自殺を思うときの心理

「木を見て森を見ず」という言葉がある。些事にとらわれて全体が見えなくなるということはよくあることだ。そして人生における大抵の過ちはそういうときに起きる。私たちは何かに関わるときにまずはそのことにとらわれている。そのことをやり始めた時からそのことにはまってしまうのだ。これはプライベート、仕事に関係なくあらゆる場面でそういうことが起きる。なぜかというと、私たちは環境に流される傾向があるからなのだ。自分と環境は別であると常に考えることができれば自分との関連事項とよい距離間を保つことができるだろう。しかし、よい距離間が保てずに、たいていは環境の中に、または環境の一部として自分を見ることになる。そうなったら近くの木しかみえなくなるのだ。例として自殺する子供たちの心理があげられる。学校の中でいじめによる自殺が後を絶たない。
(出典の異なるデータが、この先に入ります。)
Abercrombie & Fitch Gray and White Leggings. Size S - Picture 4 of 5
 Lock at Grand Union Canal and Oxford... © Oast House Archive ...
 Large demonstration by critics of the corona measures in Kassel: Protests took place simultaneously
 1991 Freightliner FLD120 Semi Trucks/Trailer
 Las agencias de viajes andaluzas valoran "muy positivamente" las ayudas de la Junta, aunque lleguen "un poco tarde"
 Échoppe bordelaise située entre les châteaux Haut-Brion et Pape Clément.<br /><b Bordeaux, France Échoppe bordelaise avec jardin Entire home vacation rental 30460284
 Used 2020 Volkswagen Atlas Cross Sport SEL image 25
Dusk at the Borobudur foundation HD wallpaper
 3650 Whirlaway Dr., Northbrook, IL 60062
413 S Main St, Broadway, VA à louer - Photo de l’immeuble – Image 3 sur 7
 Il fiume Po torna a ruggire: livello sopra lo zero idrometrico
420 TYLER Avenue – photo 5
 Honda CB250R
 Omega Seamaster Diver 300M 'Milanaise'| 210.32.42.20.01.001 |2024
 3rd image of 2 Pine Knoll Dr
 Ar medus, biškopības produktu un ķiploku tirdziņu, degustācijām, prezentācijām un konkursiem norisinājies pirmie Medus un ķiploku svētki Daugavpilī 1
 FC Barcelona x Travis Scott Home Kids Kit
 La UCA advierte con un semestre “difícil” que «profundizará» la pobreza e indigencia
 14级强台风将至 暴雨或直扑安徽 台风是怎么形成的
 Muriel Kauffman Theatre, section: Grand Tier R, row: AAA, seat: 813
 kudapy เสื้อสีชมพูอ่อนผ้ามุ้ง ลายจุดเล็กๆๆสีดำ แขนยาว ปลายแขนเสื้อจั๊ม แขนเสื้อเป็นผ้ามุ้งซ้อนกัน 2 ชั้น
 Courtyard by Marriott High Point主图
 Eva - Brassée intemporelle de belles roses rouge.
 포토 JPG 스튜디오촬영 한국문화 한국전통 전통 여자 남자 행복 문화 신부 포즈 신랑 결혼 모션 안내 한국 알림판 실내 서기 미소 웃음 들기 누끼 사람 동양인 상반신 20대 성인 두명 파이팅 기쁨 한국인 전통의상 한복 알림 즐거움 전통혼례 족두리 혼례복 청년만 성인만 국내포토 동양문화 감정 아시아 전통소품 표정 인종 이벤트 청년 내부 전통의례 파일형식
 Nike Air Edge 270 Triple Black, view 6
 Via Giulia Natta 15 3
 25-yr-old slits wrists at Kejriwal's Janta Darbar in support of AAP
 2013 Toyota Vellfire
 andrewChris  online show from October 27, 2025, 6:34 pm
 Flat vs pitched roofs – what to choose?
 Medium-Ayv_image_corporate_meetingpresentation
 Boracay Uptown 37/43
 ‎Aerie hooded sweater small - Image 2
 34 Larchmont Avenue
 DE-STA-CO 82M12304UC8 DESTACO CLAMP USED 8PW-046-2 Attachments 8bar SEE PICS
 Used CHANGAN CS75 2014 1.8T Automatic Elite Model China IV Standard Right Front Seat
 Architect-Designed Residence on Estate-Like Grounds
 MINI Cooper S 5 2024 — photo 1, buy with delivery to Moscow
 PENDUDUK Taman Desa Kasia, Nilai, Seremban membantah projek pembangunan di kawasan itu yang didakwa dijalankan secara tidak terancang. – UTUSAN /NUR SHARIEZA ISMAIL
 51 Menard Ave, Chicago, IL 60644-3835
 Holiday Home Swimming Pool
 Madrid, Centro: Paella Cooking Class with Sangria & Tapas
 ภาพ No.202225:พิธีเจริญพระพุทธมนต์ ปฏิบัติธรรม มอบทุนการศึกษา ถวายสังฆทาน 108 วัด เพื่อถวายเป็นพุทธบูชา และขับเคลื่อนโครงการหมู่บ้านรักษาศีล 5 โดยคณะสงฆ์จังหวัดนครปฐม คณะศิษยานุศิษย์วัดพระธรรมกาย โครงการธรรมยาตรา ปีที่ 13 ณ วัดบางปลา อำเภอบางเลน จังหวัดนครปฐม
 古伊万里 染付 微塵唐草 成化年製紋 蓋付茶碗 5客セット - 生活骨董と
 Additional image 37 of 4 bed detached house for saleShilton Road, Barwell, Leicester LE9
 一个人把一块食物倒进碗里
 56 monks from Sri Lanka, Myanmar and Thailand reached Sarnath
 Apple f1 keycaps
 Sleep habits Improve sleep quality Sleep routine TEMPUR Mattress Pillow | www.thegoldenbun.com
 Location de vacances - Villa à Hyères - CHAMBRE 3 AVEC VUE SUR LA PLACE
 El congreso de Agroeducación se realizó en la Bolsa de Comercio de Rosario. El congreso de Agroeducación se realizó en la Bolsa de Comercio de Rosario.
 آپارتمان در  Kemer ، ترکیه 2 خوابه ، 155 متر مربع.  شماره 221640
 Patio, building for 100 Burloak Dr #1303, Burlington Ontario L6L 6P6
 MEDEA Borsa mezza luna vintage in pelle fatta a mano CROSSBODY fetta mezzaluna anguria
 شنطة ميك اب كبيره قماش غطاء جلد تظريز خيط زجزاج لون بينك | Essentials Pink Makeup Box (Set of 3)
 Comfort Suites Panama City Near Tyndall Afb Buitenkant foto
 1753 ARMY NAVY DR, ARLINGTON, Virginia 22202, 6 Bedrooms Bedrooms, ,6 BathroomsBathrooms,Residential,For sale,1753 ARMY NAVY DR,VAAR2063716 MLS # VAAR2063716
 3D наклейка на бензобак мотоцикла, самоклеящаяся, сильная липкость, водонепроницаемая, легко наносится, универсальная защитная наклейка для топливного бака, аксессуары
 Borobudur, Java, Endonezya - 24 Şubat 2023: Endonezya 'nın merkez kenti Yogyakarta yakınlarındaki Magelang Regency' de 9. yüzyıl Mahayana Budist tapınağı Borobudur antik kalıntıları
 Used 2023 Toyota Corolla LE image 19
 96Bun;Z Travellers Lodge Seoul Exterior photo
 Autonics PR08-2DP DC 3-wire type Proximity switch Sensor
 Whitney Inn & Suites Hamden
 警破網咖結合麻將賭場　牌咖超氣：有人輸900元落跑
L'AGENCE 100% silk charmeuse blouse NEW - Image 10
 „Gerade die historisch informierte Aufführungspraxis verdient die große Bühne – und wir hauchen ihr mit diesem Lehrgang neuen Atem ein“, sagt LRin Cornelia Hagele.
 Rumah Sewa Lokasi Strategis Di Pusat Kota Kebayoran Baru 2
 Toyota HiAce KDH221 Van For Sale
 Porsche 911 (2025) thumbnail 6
自殺をする子供たちの心理を見ると、学校の環境の中でその世界に生きる自分しか見ることができずに、学校の生活の自分が全てであると見てしまう。まさに環境と自分をいっしょくたにして見ている。いじめを受ける環境が特別なのであって、自分はまともなのだ、と自分で自分を認めることができれば絶望感からは開放されるのである。自分と環境は別である。環境の方が悪いことが多い、と思うことができるかどうかが鍵だろう。いじめられている自分はダメなのだと思い、それにとらわれる、そして自殺を思いいたる。自分がダメである、そんなことは絶対にない。全ての人の存在は尊いのだ。なぜなら、全ての存在は必要だからそこにあるのである。